[Brief descriptive captions]
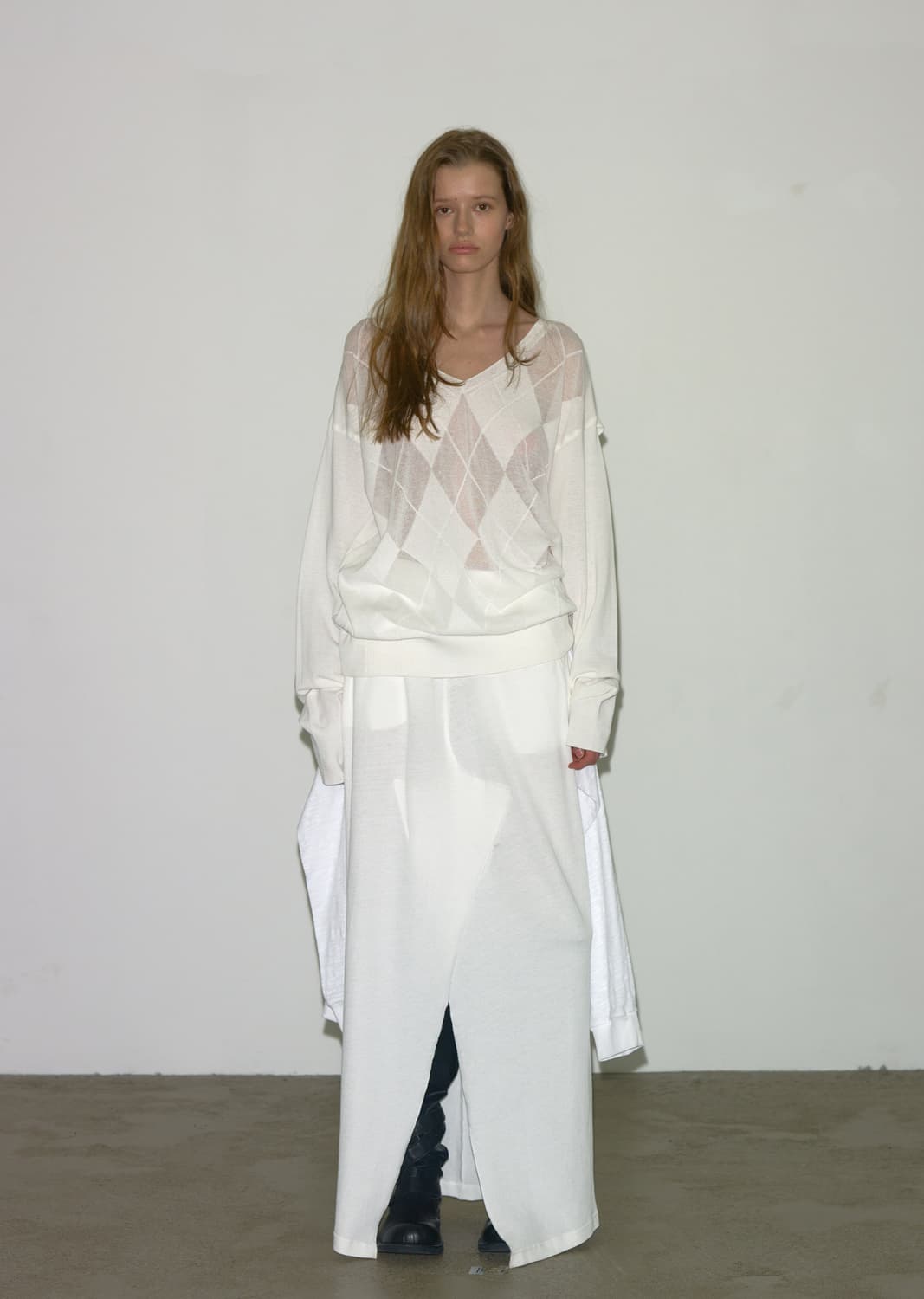 s/e/o 에스이오 시어 아가일 브이넥 니트 상품이미지1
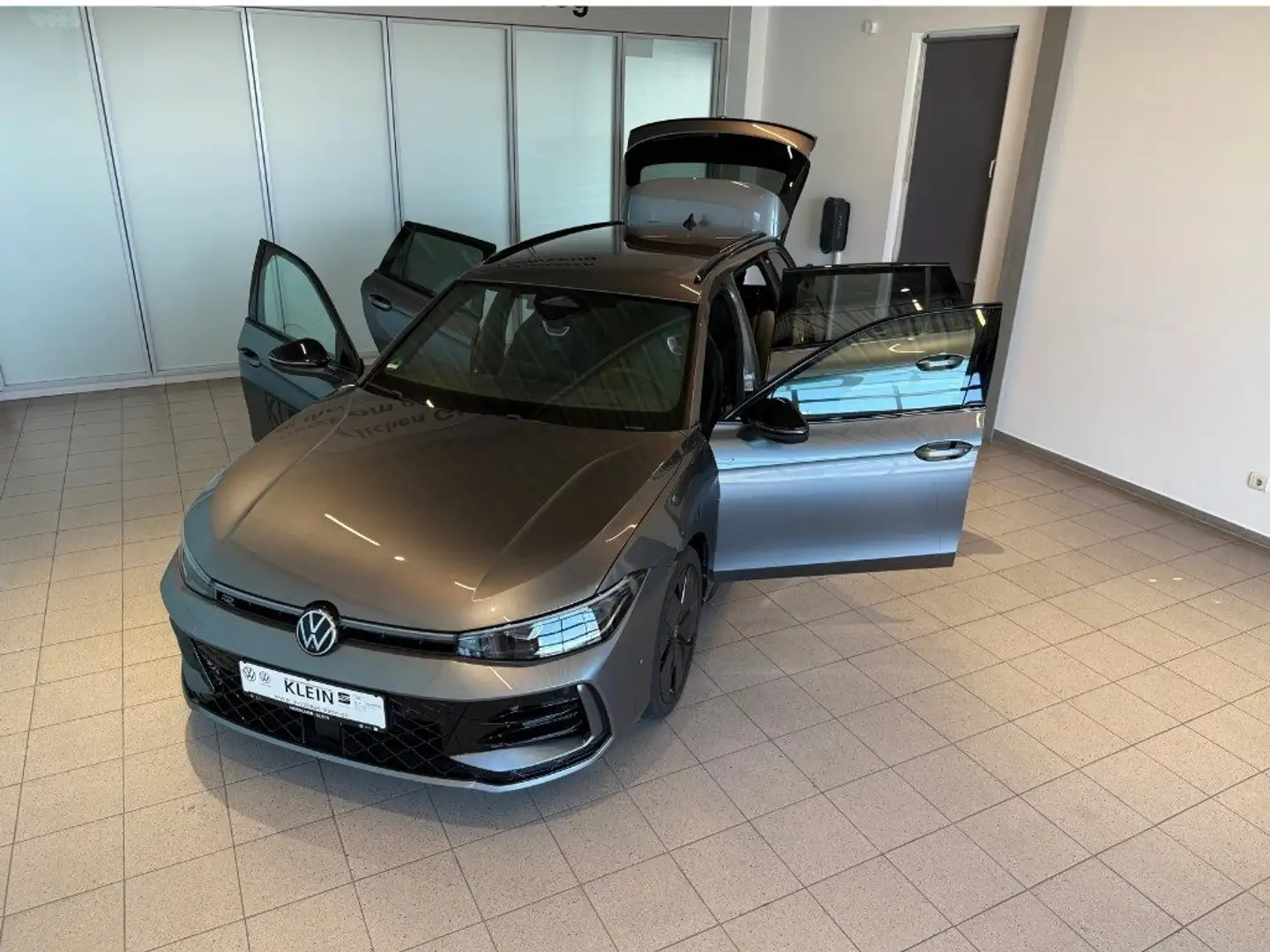 Volkswagen Passat 2.0 TDI R-Line 4Motion Grau - 2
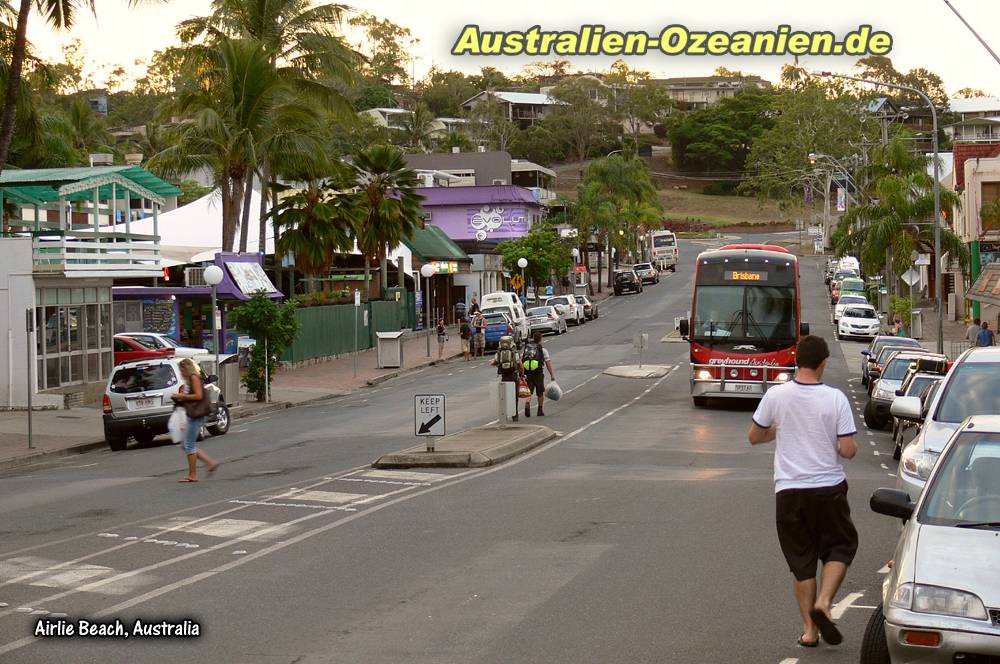 Hauptstraße durch Airlie Beach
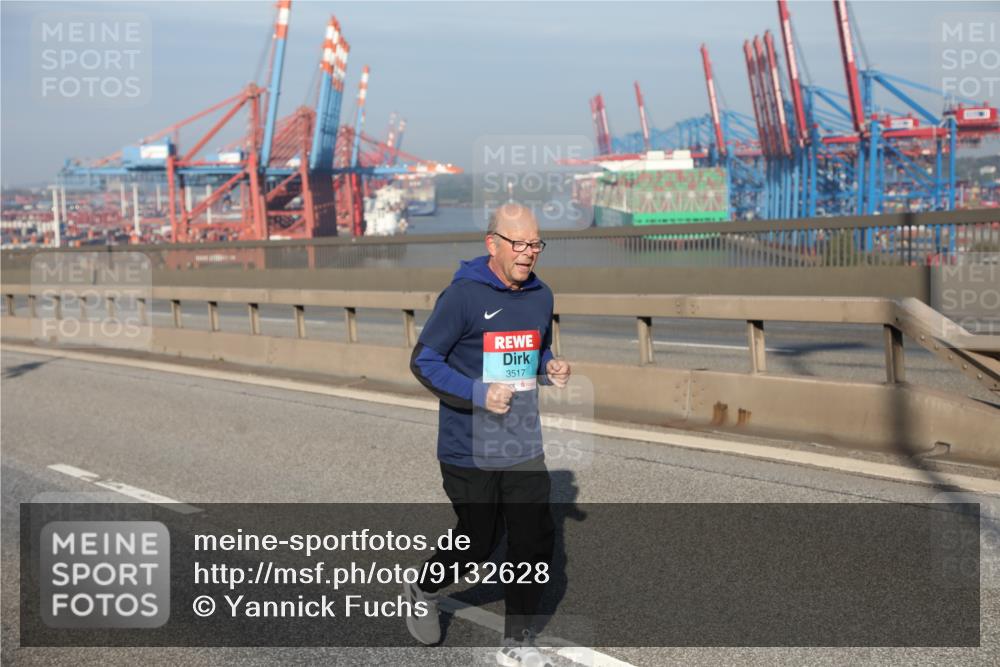 03.10.2025 - Köhlbrandbrückenlauf Yannick Fuchs http://msf.ph/oto/9132628 03.10.2025 09:04:51 Position 2 3517 meine-sportfotos.de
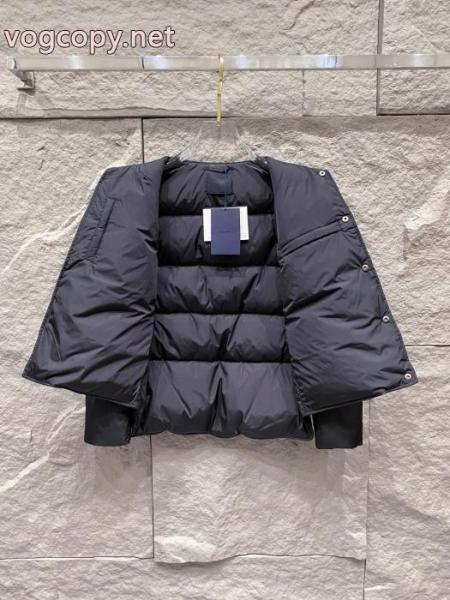 ブランド スニーカー 激安人気商品 ファッション感満載! 定番人気商品PRADAダウンジャケット 6
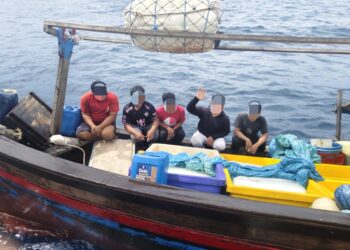 LIMA kru termasuk seorang tekong warga Indonesia yang ditahan kerana dipercayai menjalankan aktiviti penangkapan ikan tanpa kebenaran di perairan Malaysia iaitu tidak jauh dari Pulau Kendi di Pulau Pinang, semalam.-GAMBAR/MARITIM MALAYSIA PULAU PINANG
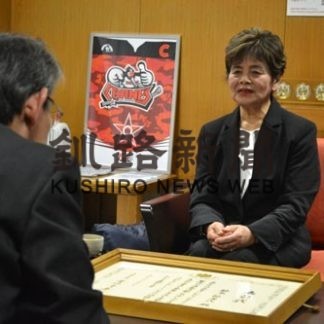 アイヌ文化継承者を　文化庁長官賞受賞　鈴木さん市長訪問(2020-01-01)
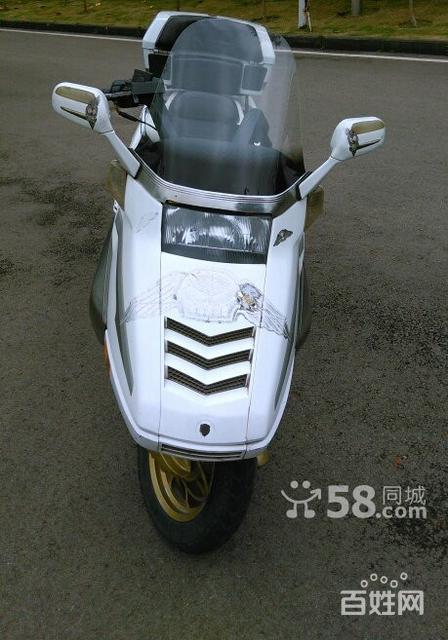 本人因换车,转让150船王踏板摩托车,手续齐全,保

[TASK DESCRIPTION]
Please print each record above again exactly, but omit any pictures.

[EXPECTED ANSWER]
 s/e/o 에스이오 시어 아가일 브이넥 니트 상품이미지1
 Volkswagen Passat 2.0 TDI R-Line 4Motion Grau - 2
 Hauptstraße durch Airlie Beach
 03.10.2025 - Köhlbrandbrückenlauf Yannick Fuchs http://msf.ph/oto/9132628 03.10.2025 09:04:51 Position 2 3517 meine-sportfotos.de
 ブランド スニーカー 激安人気商品 ファッション感満載! 定番人気商品PRADAダウンジャケット 6
 LIMA kru termasuk seorang tekong warga Indonesia yang ditahan kerana dipercayai menjalankan aktiviti penangkapan ikan tanpa kebenaran di perairan Malaysia iaitu tidak jauh dari Pulau Kendi di Pulau Pinang, semalam.-GAMBAR/MARITIM MALAYSIA PULAU PINANG
 アイヌ文化継承者を　文化庁長官賞受賞　鈴木さん市長訪問(2020-01-01)
 本人因换车,转让150船王踏板摩托车,手续齐全,保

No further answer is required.